Menjelang babak 16 besar Piala Dunia 2018, harga tiket merangkak naik. Di situs resmi FIFA, untuk harga kategori 1, FIFA membanderol dengan harga RUB 14.700 (sekitar Rp 3,3 juta). Itu lebih mahal Rp 500 ribu dibandingkan kategori yang sama pada babak penyisihan grup.
Pada kategori 3, peningkatannya tidak banyak, hanya Rp 100 ribu. Sedangkan untuk kategori 2 di babak 16 besar, tiket menjadi lebih mahal Rp 200 ribu dibandingkan penyisihan grup.
Dengan fakta bahwa sulit sekali mendapatkan tiket, calo bisa memanfaatkan situasi. Bahkan sekarang situasinya adalah, penonton yang mencari calo. Meskipun, harga tiket di tangan mereka sudah melangit gila-gilaan.

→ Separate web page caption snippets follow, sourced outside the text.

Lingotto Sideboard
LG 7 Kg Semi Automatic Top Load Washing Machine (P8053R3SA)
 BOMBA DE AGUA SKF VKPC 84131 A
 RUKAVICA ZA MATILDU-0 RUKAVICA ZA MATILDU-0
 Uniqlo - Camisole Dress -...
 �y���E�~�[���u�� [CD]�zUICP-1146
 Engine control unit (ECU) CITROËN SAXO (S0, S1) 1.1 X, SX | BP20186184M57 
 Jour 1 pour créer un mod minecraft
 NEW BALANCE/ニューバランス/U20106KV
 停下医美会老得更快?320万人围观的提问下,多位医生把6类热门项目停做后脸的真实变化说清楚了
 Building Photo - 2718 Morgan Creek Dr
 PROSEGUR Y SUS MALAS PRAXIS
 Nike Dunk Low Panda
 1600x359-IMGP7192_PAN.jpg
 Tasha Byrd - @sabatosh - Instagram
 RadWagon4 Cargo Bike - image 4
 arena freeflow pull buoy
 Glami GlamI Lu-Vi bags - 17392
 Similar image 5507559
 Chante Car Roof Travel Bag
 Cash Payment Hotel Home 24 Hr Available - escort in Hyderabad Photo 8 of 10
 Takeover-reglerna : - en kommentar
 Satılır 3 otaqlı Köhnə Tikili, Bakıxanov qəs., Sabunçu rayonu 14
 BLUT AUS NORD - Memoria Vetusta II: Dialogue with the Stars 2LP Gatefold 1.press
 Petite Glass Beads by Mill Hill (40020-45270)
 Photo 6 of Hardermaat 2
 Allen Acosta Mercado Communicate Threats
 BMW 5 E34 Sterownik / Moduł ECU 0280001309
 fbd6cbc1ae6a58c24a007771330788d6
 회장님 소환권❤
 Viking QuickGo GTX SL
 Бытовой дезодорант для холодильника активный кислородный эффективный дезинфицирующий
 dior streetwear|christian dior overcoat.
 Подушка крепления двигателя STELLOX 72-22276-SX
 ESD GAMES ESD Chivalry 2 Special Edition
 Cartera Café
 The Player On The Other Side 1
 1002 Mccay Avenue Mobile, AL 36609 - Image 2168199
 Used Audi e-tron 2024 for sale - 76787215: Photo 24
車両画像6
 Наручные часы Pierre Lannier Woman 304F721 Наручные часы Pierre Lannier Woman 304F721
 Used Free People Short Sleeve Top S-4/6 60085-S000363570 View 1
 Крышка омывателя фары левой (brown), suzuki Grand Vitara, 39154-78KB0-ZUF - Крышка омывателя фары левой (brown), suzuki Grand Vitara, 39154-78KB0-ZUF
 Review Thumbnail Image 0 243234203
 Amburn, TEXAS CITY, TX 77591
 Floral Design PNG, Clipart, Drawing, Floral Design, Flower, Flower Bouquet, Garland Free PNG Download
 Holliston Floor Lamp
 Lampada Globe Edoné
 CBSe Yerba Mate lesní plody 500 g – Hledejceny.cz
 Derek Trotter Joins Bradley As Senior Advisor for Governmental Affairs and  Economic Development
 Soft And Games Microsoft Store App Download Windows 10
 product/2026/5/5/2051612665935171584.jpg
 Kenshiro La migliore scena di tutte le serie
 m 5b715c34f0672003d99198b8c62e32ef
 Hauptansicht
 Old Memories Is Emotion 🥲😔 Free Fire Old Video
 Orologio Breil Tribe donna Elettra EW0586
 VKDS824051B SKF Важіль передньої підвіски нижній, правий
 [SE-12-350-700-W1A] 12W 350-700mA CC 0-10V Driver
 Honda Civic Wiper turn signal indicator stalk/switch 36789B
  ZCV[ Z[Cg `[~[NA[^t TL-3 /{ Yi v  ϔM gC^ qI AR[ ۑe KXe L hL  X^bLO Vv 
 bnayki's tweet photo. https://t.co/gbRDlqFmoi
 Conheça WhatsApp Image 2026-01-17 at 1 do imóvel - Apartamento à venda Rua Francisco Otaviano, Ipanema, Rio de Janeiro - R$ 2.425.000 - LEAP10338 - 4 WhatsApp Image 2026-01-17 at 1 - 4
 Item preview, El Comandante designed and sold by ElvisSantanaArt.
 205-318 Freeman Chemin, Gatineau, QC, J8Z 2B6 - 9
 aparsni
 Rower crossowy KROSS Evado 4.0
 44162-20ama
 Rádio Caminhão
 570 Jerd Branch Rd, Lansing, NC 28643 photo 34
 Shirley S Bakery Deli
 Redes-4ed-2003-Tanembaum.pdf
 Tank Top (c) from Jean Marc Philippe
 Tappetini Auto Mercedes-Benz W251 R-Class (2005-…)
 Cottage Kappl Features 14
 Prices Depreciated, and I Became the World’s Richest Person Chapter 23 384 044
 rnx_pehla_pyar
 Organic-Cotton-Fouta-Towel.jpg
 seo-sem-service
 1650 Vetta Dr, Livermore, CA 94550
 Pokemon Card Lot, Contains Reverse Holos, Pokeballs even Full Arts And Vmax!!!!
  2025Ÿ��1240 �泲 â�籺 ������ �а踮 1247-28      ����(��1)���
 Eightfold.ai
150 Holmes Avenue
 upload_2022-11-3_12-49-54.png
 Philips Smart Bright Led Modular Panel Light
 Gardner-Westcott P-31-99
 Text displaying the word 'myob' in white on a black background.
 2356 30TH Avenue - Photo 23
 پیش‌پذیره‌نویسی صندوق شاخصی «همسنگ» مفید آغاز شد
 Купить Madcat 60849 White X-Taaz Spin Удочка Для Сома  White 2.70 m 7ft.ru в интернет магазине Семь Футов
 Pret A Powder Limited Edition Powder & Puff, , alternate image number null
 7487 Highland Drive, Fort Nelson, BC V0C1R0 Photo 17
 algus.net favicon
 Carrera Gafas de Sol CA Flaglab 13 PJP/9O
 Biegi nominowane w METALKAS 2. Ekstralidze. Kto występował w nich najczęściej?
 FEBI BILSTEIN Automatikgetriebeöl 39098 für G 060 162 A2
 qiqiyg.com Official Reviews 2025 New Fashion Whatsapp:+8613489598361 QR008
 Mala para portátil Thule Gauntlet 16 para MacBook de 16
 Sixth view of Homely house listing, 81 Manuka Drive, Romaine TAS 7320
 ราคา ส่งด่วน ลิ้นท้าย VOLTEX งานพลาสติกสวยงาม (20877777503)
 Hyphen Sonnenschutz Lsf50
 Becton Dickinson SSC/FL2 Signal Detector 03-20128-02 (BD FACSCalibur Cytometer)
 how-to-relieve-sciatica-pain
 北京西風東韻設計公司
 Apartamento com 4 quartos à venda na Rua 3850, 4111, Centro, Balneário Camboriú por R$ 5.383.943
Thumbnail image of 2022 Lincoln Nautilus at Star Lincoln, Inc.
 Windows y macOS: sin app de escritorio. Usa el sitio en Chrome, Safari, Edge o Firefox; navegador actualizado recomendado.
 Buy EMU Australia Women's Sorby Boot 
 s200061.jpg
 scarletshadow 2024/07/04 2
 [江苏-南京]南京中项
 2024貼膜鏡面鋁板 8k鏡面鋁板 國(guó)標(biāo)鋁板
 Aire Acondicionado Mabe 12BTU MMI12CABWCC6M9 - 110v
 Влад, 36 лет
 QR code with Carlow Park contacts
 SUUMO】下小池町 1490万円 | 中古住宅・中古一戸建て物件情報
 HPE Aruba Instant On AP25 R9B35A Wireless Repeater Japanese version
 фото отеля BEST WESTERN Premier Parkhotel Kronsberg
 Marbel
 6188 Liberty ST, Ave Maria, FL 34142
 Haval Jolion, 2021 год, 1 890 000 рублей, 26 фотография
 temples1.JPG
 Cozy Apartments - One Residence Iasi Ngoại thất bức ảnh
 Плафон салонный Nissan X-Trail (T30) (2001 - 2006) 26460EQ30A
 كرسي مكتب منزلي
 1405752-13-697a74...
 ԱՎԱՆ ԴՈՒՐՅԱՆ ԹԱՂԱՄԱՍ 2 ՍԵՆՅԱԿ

Fans Maroko Hassan Aloui kepada Jawa Pos curhat bahwa dia ditawari tiket nonton Belgia melawan Inggris dengan harga yang begitu tinggi.
Harga normal untuk menonton pertandingan tersebut sejatinya hanya Rp 2,8 juta untuk kategori 1. Namun, karena ini pertandingan sangat penting, penentu siapa juara Grup G, Aloui ditawari tiket seharga Rp 28,4 juta!
Padahal, laga itu digelar sangat jauh dari Moskow. Yakni di Kaliningrad Stadium, yang jaraknya 1.200 kilometer di sebelah barat ibu kota. Untuk sampai di kota tersebut, jika berangkat dari Moskow, Aloui harus melewati dua negara yakni Latvia dan Lithuania. “Ya saya tolak, harganya mahal sekali. Gila,” katanya.
Tak semua fans seperti Aloui. Fakta bahwa calo berani menjual tiket sangat mahal menjadi bukti bahwa pasaranya tetap ada. Suporter negara yang lolos ke 16 besar, misalnya, pasti mbelani membeli tiket-tiket tersebut demi mendukung timnasnya.